::: Excerpted data :::
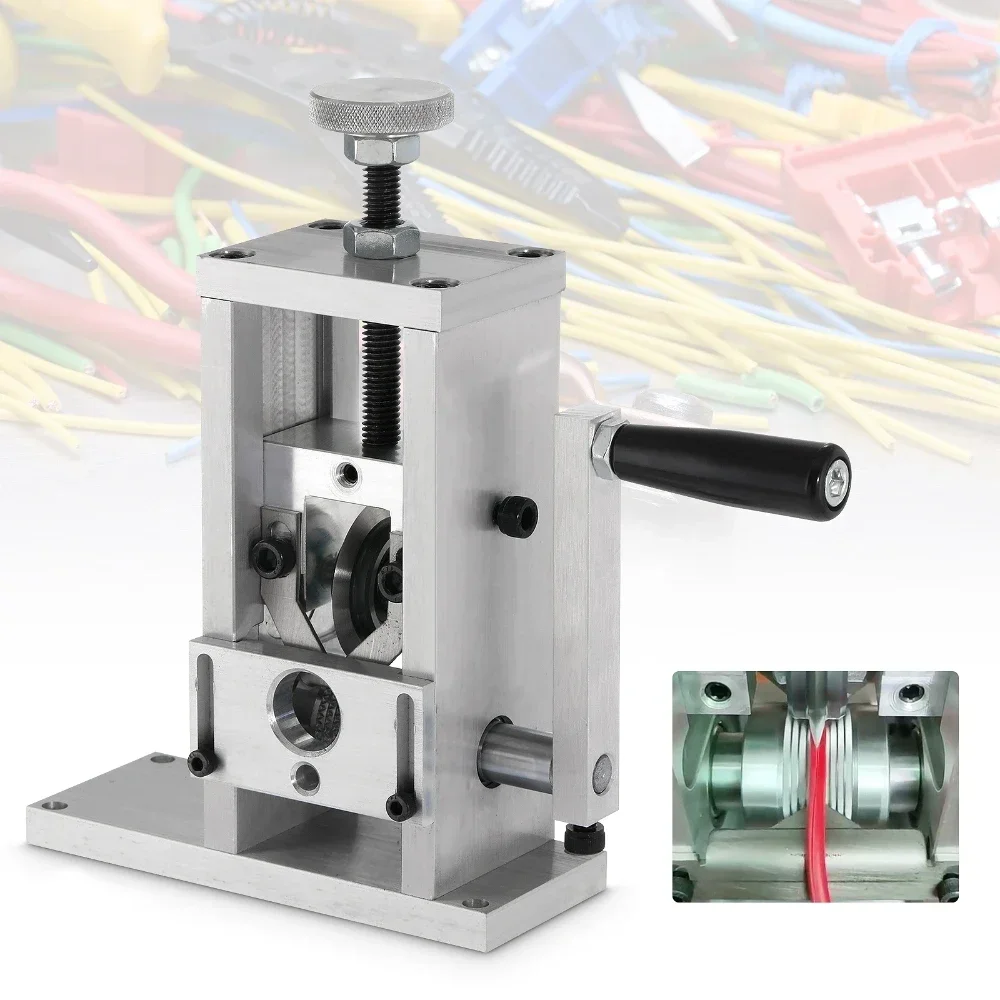 Manual Wire Stripping Machine Waste Copper Wire Cable Peeling Machine Household 1-70mm Waste Copper Wire Recycle Stripper Peeler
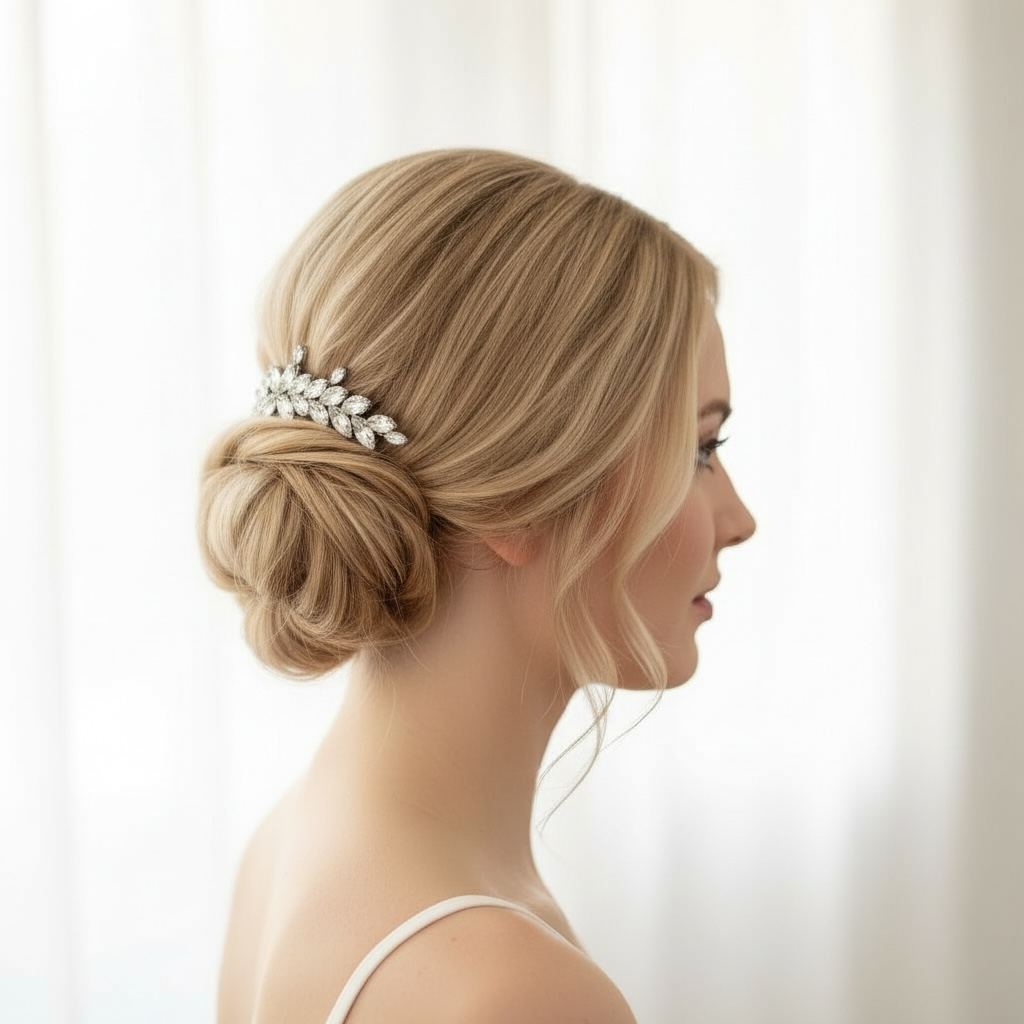 Hiuskoru, ROMANCE | Curvy Silver Hairpiece -kaareva hiuskoriste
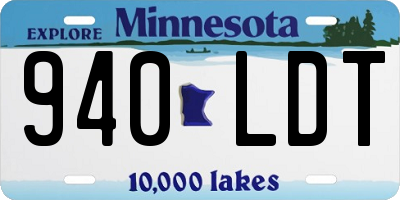 MN license plate 940LDT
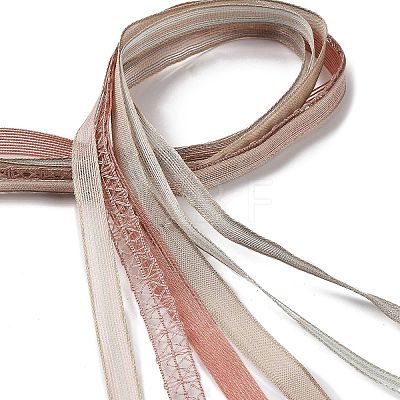 18 Yards 6 Styles Polyester Ribbon SRIB-C001-C02-1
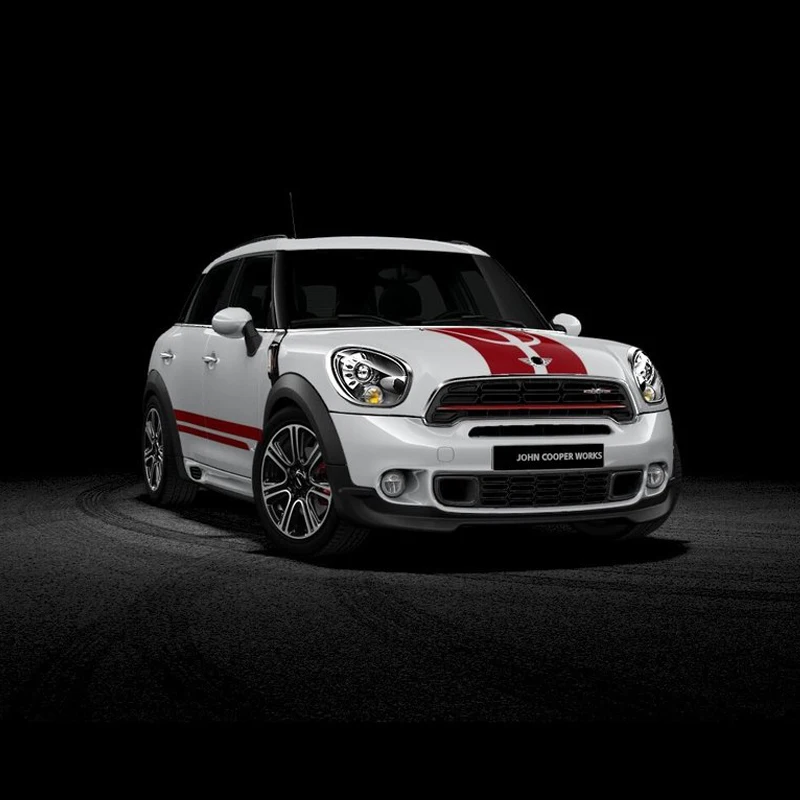 Car Front Grille Decoration Cover Case Radiator Grill Strip Trim Sticker For Mini Cooper Coopers JCW R60 Countryman Accessories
:::
Work order:
Could you reproduce exactly the lines from the one containing "18 Yards 6 Styles" through the last line of the records, both included, leaving out the pictures?

Response to this exercise:
 18 Yards 6 Styles Polyester Ribbon SRIB-C001-C02-1
 Car Front Grille Decoration Cover Case Radiator Grill Strip Trim Sticker For Mini Cooper Coopers JCW R60 Countryman Accessories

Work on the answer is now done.